# Pigeon Paralysis



## PigeonFosterMom (Mar 1, 2002)

Hi all,

I took the injured pigeon I found to the vet yesterday, and the bird's leg is paralyzed. He said that it was an injury that the bird had had for awhile, and he also said the feeling in the bird's leg may come back, or it may not. I left the vet's office without asking if there was anything I could do for this bird that would help him (I simply forgot). 

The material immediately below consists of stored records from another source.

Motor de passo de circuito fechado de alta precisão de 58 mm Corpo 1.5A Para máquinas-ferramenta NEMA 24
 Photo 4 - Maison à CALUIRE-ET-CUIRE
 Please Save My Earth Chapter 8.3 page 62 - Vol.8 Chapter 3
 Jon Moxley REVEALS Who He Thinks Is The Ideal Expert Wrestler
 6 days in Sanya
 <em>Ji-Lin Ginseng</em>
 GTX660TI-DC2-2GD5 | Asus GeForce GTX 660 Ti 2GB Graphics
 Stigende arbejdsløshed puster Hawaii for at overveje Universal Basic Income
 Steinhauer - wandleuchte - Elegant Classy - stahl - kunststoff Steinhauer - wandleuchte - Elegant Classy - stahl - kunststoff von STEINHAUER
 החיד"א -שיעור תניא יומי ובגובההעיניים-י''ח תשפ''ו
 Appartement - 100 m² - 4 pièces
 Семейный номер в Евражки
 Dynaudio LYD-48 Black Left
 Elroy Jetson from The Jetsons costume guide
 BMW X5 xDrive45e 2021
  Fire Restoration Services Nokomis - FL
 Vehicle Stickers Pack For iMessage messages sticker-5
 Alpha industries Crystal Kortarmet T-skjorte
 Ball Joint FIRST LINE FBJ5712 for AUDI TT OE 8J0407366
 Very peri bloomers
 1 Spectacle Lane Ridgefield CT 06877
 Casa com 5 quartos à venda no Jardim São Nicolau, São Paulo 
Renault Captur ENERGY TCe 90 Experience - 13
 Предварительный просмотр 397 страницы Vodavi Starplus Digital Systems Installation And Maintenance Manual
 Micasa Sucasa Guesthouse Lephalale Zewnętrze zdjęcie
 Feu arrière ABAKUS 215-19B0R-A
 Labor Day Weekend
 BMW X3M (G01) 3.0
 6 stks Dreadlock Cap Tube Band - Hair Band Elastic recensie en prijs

Have any of you had any experience with pigeon's who have experienced paralysis? Should I manually exercise the bird's leg, sort of like birdie physical therapy? Should I soak it in warm water (or cold water?)? When I first brought the bird home, I dipped his injured foot in some water and hydrogen peroxide (just to try and get some of the grime/germs off) and his toes twitched a bit. Also, this morning when I checked on him, I extended his paralyzed leg and it was shaking slightly (previously, there was no movement at all). Are these signs that he may get some use of his leg back, or is it just false hope?

Gretchen


----------



## singing birdy (Jan 30, 2002)

If you massage the pigeons leg that will help more than you would think it would.Also if you put the pigeon down encourage it to put presure on the other leg while you hold him up.

Take care now,
Carley


----------



## fred2344 (Jan 9, 2002)

That sure sounds like nerve damage and there is no way of knowing if the leg will regain some motion. The injury could be anywhere between the spine and the leg itself. If it can come back even partially, this will take considerable time. Assuming the back was not broken, had anyone gotten the bird very soon after the injury happened, an injection of a steroid might have helped a great deal. 
Would you be willing to give the leg some physical therapy by extending it about 50 times twice a day?
I think you are one heck of a person to try to help this bird out.


----------



## raynjudy (Aug 22, 2000)

Just a quick line before I fly off for the weekend. This is a long shot, but here goes...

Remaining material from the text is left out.